What is being asked: Copy exactly the line containing "How to cook french pastry" and all the lines that follow it to the end of the records, minus the pictures.

——

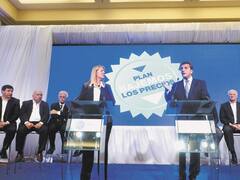 PJ-FPV denunció maniobra para cambiar la Magistratura y echar a un juez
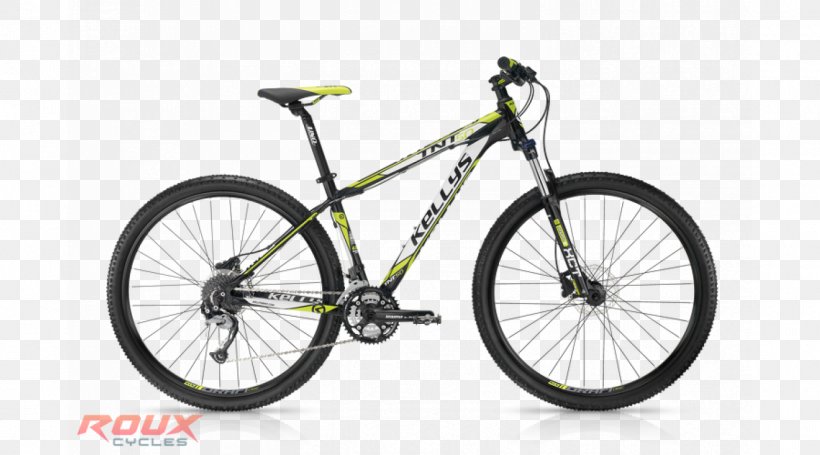 Bicycle Mountain Bike Cube Bikes CUBE Analog 2018 Hardtail, PNG, 1400x778px, Bicycle, Automotive Tire, Bicycle Accessory, Bicycle Drivetrain Part, Bicycle Fork Download Free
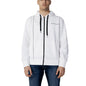 Armani Exchange Felpa Uomo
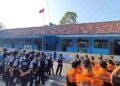 Semangat Baru di SMK Muhammadiyah 10 Mantup: Apel Pagi dan Pemberangkatan Siswa PKL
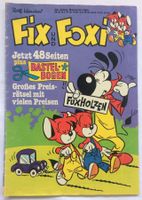 Fix und Foxi - Heft - Nr.22 - 1981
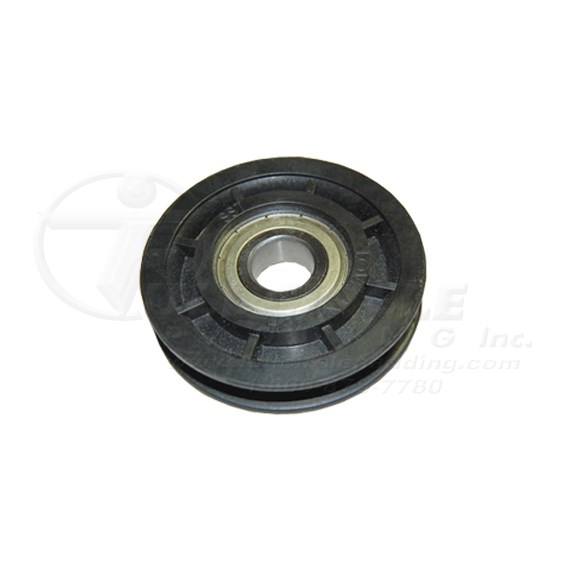 CYW432Pulley
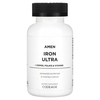 Codeage, Amen, Iron Ultra, 60 растительных капсул - картинка 0
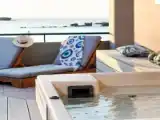 Апартаменты Deluxe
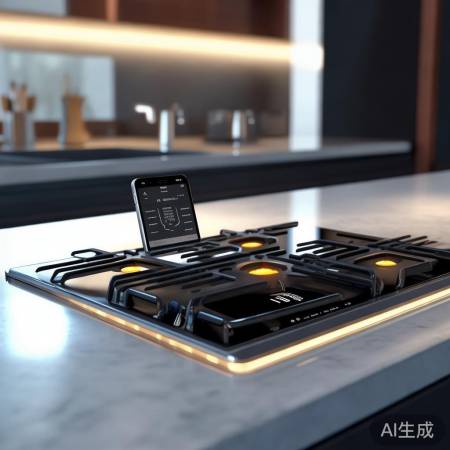 玻璃钢燃气灶安装步骤详解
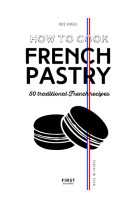 How to cook french pastry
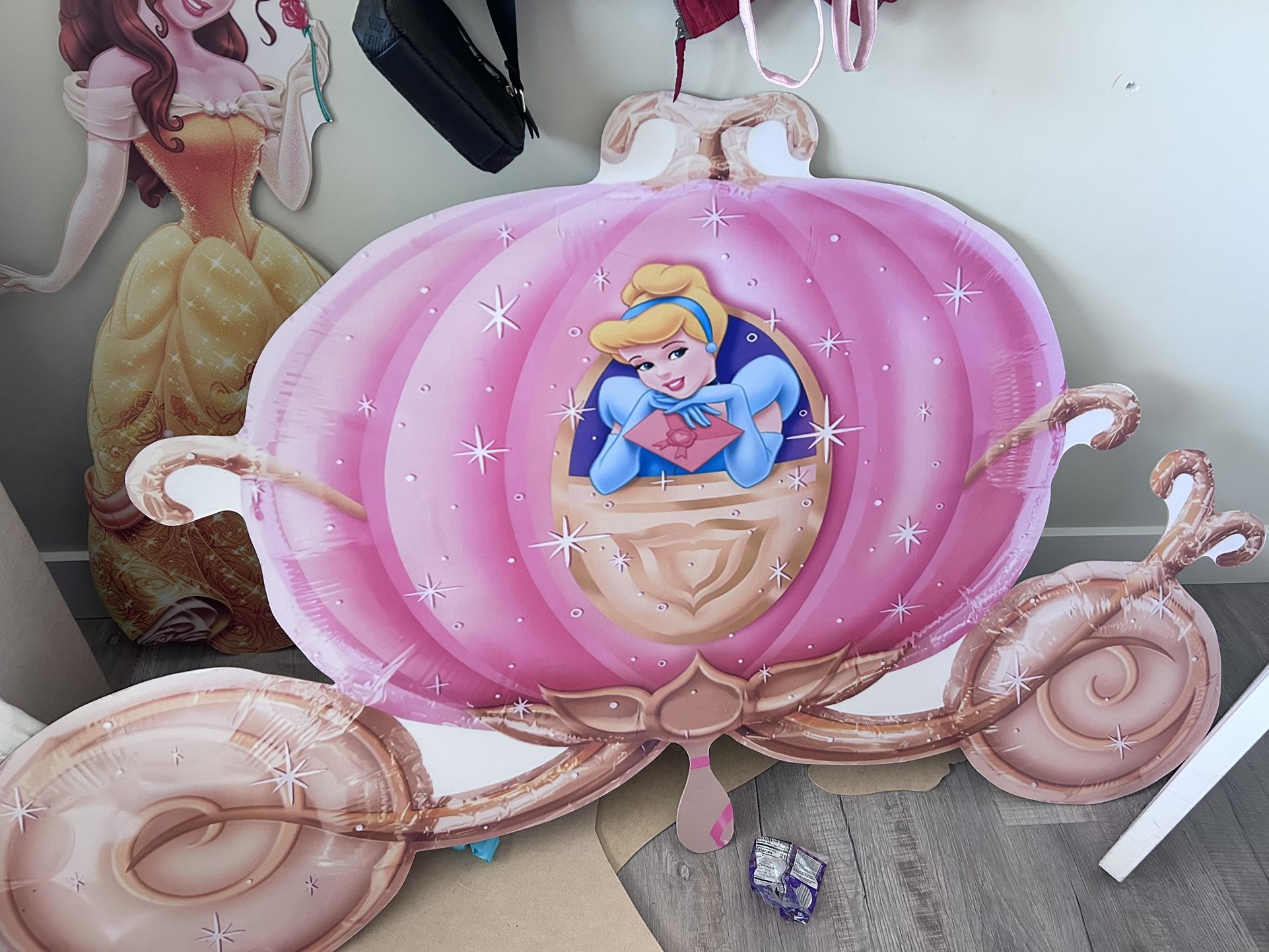 Princess Props
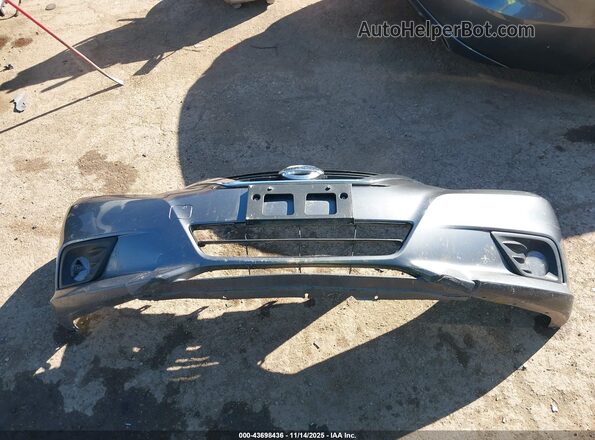 1N4AL3APXHC185375 2017 NISSAN ALTIMA Gray Սարքավորումների վահանակի տեսք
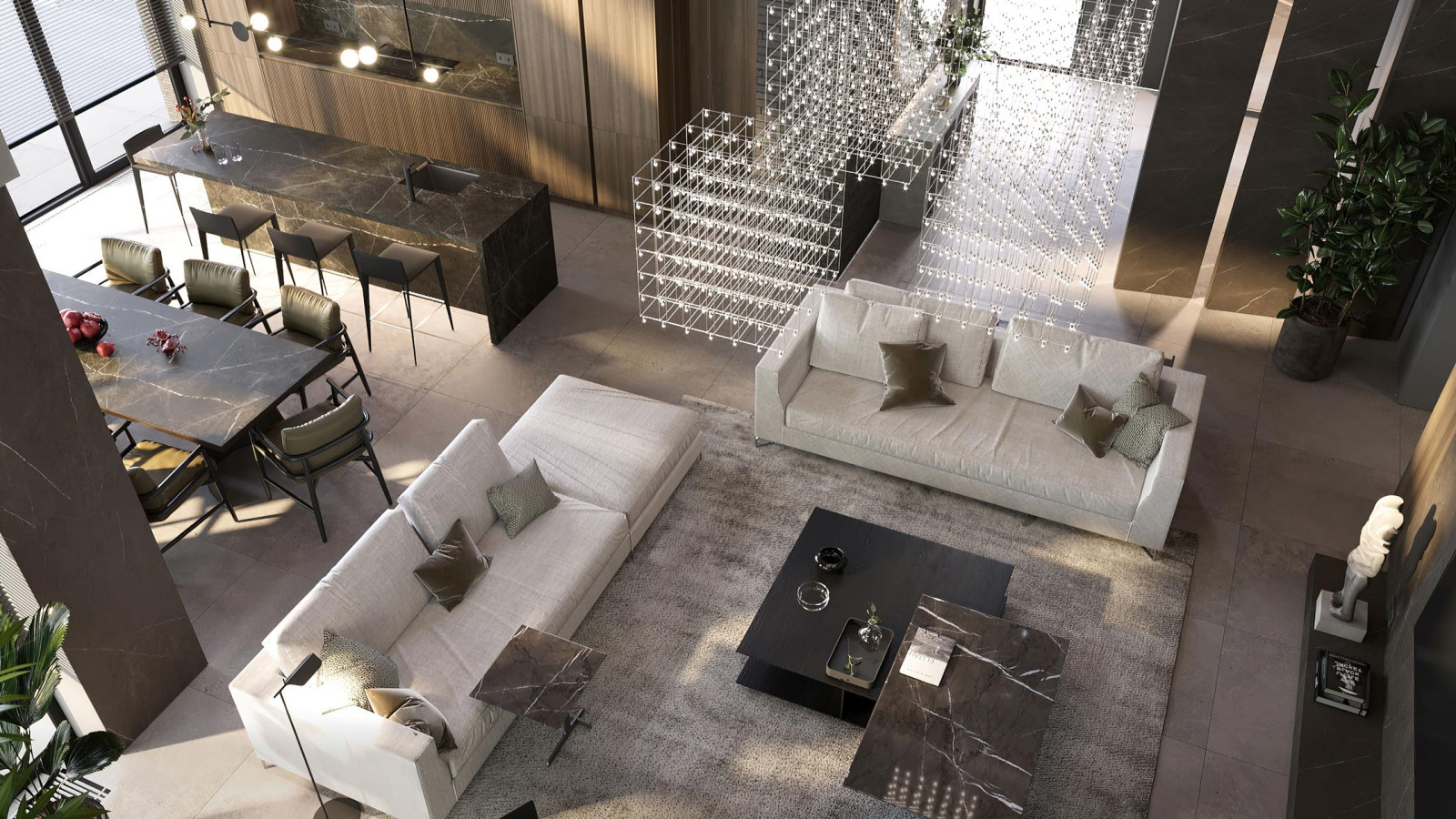 Обложка проекта: Дом в Таганроге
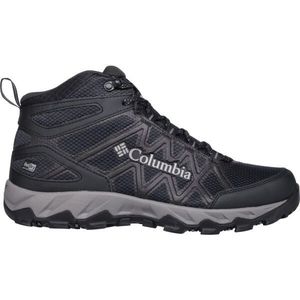 Columbia PEAKFREAK X2 MID OUTDRY Pánské outdoorové boty, černá, velikost 41.5 obraz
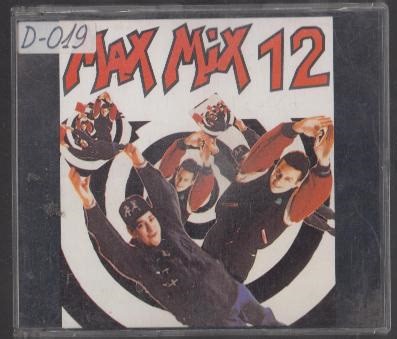 Various - Max Mix 12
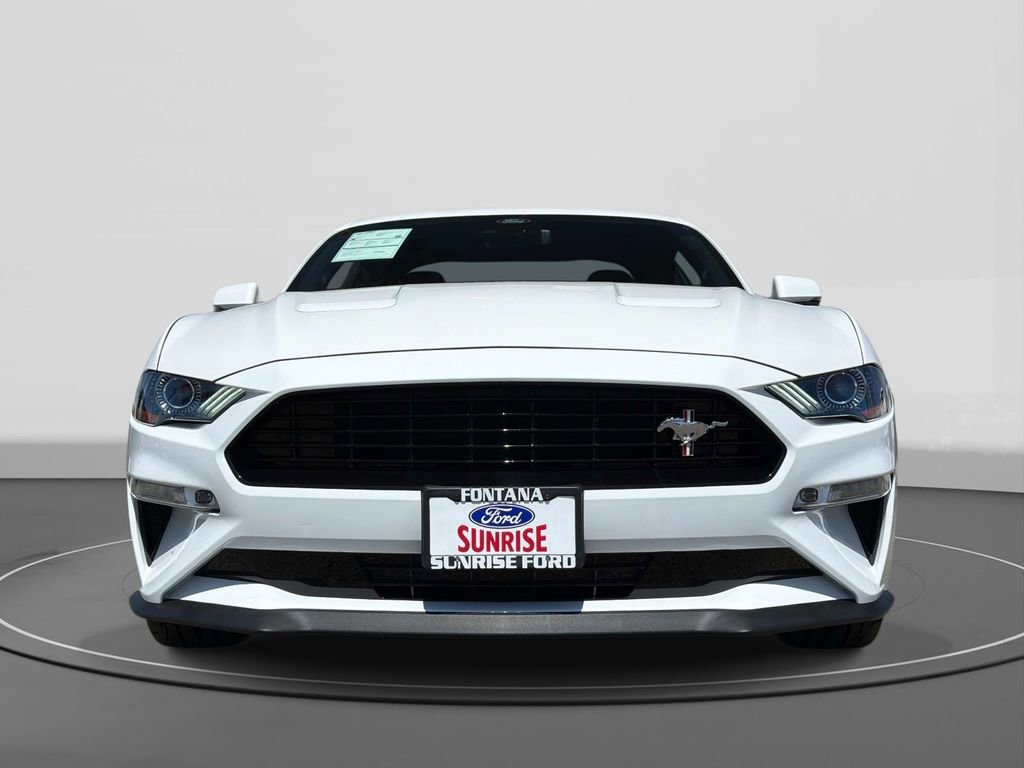 Certified 2020 Ford Mustang GT Premium image 6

——

Answer space:
 How to cook french pastry
 Princess Props
 1N4AL3APXHC185375 2017 NISSAN ALTIMA Gray Սարքավորումների վահանակի տեսք
 Обложка проекта: Дом в Таганроге
 Columbia PEAKFREAK X2 MID OUTDRY Pánské outdoorové boty, černá, velikost 41.5 obraz
 Various - Max Mix 12
 Certified 2020 Ford Mustang GT Premium image 6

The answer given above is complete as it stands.